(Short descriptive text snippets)
——

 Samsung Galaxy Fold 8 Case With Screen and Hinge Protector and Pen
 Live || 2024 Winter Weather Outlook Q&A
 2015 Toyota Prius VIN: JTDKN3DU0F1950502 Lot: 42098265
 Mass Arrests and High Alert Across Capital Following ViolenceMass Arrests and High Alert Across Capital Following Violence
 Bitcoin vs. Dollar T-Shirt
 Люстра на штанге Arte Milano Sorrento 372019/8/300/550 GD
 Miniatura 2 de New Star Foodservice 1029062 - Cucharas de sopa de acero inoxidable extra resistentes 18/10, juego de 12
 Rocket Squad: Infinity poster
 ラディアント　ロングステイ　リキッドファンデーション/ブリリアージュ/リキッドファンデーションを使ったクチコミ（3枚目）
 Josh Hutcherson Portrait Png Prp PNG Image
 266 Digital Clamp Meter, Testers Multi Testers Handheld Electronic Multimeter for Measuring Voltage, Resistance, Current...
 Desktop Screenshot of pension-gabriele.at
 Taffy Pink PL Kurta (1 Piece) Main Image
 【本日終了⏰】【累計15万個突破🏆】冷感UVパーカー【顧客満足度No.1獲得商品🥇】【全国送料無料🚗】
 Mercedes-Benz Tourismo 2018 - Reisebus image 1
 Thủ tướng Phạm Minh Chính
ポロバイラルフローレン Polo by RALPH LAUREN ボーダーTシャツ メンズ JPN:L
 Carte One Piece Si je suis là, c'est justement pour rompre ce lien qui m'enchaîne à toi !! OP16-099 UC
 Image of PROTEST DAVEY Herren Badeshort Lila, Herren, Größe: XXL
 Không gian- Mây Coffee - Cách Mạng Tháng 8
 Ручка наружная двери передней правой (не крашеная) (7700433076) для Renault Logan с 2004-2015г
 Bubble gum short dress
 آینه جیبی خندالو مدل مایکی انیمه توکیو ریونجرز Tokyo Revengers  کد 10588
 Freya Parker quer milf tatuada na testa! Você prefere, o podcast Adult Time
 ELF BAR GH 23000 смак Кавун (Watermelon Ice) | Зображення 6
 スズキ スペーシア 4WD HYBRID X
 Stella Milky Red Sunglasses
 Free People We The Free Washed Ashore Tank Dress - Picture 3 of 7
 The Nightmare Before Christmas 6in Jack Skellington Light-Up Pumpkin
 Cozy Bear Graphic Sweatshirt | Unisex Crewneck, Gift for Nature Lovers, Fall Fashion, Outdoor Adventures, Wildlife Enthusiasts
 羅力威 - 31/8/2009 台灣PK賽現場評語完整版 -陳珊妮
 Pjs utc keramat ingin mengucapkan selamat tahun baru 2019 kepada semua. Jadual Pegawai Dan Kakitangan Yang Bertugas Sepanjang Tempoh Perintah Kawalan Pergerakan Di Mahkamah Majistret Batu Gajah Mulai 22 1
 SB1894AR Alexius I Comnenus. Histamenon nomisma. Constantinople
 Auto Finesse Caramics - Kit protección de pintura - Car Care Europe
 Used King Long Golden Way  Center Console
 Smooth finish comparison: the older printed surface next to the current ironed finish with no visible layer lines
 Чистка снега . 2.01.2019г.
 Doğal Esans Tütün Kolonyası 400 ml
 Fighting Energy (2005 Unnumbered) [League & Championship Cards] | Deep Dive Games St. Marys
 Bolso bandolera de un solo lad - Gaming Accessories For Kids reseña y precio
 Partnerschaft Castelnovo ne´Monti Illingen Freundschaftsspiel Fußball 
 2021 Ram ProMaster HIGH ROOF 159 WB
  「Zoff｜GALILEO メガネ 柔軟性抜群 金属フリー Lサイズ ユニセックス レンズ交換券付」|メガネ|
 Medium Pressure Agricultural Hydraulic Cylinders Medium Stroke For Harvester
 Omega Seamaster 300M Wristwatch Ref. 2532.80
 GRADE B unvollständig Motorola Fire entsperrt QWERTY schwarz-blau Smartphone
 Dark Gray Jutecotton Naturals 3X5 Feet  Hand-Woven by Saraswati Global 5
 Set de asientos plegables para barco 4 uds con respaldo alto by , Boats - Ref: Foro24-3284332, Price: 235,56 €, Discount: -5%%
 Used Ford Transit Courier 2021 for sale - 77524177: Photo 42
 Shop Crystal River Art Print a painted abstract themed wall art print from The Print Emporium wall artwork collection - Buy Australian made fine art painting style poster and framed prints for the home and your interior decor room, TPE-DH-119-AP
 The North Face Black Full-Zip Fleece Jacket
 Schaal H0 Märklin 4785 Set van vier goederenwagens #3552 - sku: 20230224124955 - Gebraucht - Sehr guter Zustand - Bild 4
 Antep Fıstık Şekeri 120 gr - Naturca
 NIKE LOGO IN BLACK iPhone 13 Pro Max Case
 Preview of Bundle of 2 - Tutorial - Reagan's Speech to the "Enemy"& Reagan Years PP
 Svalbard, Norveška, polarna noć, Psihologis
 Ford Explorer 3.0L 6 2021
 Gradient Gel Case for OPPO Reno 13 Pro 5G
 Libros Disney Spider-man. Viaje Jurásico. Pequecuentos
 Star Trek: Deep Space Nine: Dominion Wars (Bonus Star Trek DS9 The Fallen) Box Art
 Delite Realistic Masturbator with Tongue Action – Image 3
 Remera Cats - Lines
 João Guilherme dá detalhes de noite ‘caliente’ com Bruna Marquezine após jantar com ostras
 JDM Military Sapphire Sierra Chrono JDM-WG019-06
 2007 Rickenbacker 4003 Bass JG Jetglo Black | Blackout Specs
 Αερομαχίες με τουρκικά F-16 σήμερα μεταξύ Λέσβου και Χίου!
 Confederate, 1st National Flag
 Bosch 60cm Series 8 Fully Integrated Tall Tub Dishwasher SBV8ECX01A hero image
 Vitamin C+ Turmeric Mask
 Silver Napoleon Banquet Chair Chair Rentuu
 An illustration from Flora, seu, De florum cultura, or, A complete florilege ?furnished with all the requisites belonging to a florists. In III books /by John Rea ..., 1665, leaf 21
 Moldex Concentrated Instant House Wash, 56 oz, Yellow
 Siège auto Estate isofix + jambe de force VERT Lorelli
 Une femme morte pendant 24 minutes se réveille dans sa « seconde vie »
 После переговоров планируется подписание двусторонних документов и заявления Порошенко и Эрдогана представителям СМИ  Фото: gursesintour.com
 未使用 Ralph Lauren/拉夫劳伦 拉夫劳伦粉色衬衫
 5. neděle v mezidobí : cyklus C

——

Instructions to follow :: Each line of the records above, from the first through the one containing "Thủ tướng Phạm Minh Chính", is to be retyped exactly; no other line belongs.

Exercise solution ::
 Samsung Galaxy Fold 8 Case With Screen and Hinge Protector and Pen
 Live || 2024 Winter Weather Outlook Q&A
 2015 Toyota Prius VIN: JTDKN3DU0F1950502 Lot: 42098265
 Mass Arrests and High Alert Across Capital Following ViolenceMass Arrests and High Alert Across Capital Following Violence
 Bitcoin vs. Dollar T-Shirt
 Люстра на штанге Arte Milano Sorrento 372019/8/300/550 GD
 Miniatura 2 de New Star Foodservice 1029062 - Cucharas de sopa de acero inoxidable extra resistentes 18/10, juego de 12
 Rocket Squad: Infinity poster
 ラディアント　ロングステイ　リキッドファンデーション/ブリリアージュ/リキッドファンデーションを使ったクチコミ（3枚目）
 Josh Hutcherson Portrait Png Prp PNG Image
 266 Digital Clamp Meter, Testers Multi Testers Handheld Electronic Multimeter for Measuring Voltage, Resistance, Current...
 Desktop Screenshot of pension-gabriele.at
 Taffy Pink PL Kurta (1 Piece) Main Image
 【本日終了⏰】【累計15万個突破🏆】冷感UVパーカー【顧客満足度No.1獲得商品🥇】【全国送料無料🚗】
 Mercedes-Benz Tourismo 2018 - Reisebus image 1
 Thủ tướng Phạm Minh Chính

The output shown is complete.